Right.
1. Flight from Manchester OK, though a bit low as hairyplane had propellors. Pilot used Blackpool Tower as navigational aid.
2. Got sat next to wumman who looked like an East European lesbian. Plane was two thirds empty, so I said cheerily 'They seem to have squashed u stogether, but I will go and get a window seat in a minute.' SHe ignored me

Got up and moved, saying cheerily 'You can have these 2 seats to yerself now.' SHe ignored me again

3. Taxi queue at Glasgow airport. Large bunch of Rab C Nesbitt lookalikes in front of me.

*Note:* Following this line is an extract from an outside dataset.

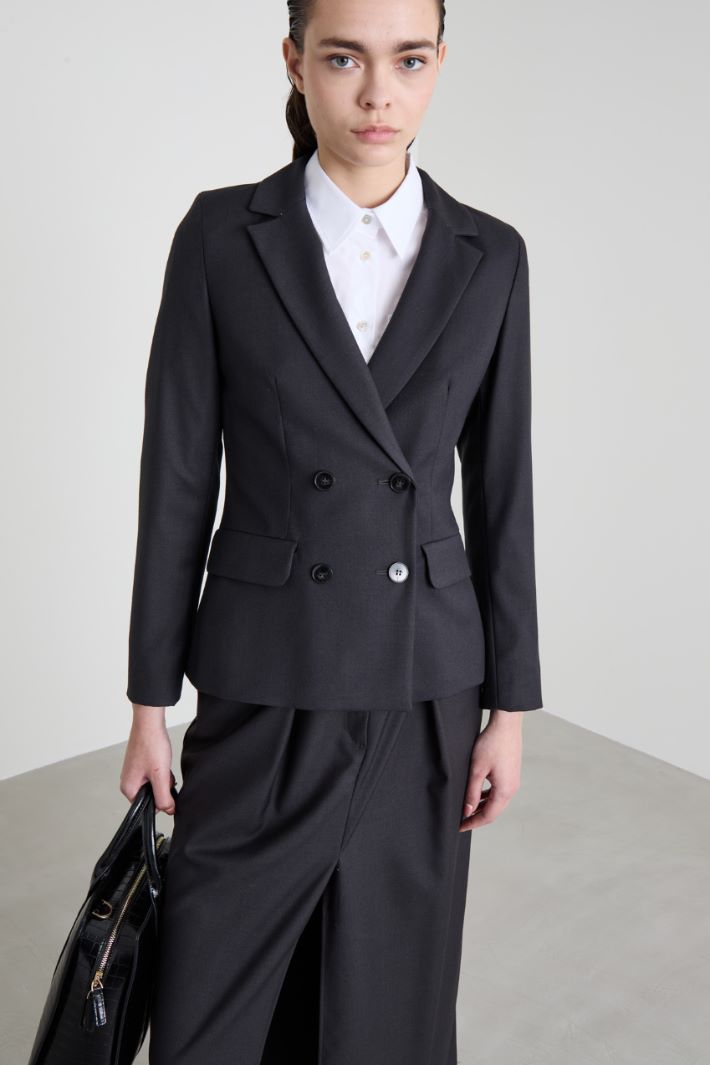 Blazer sfiancato in flanella Intrend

ONe turns ans bellows, 'Are ye gan toot cloob?' I peer at them quizically. He says it again, but louder. His friend interprets. 'He says, are ye going to 't cloob?'
Me: 'WHat club?' They get in a taxi and leave.
I get in a taxi and get told off for not being in the queue by a man in a
flour, floou, yellow jacket. Taxi driver has argument with him.
Hotel fine, though I do not avail myself of the golf equipment in the room

Werk fine , like, although accents challenging. Occasionally resort to nods and smiles and encouraging hand gestures and pray that the tape might help me out later. (it hasn't

)
Lunch is supplied. I enquire what it is. 'Scotch Pie' (= minced sheep) with baked beans!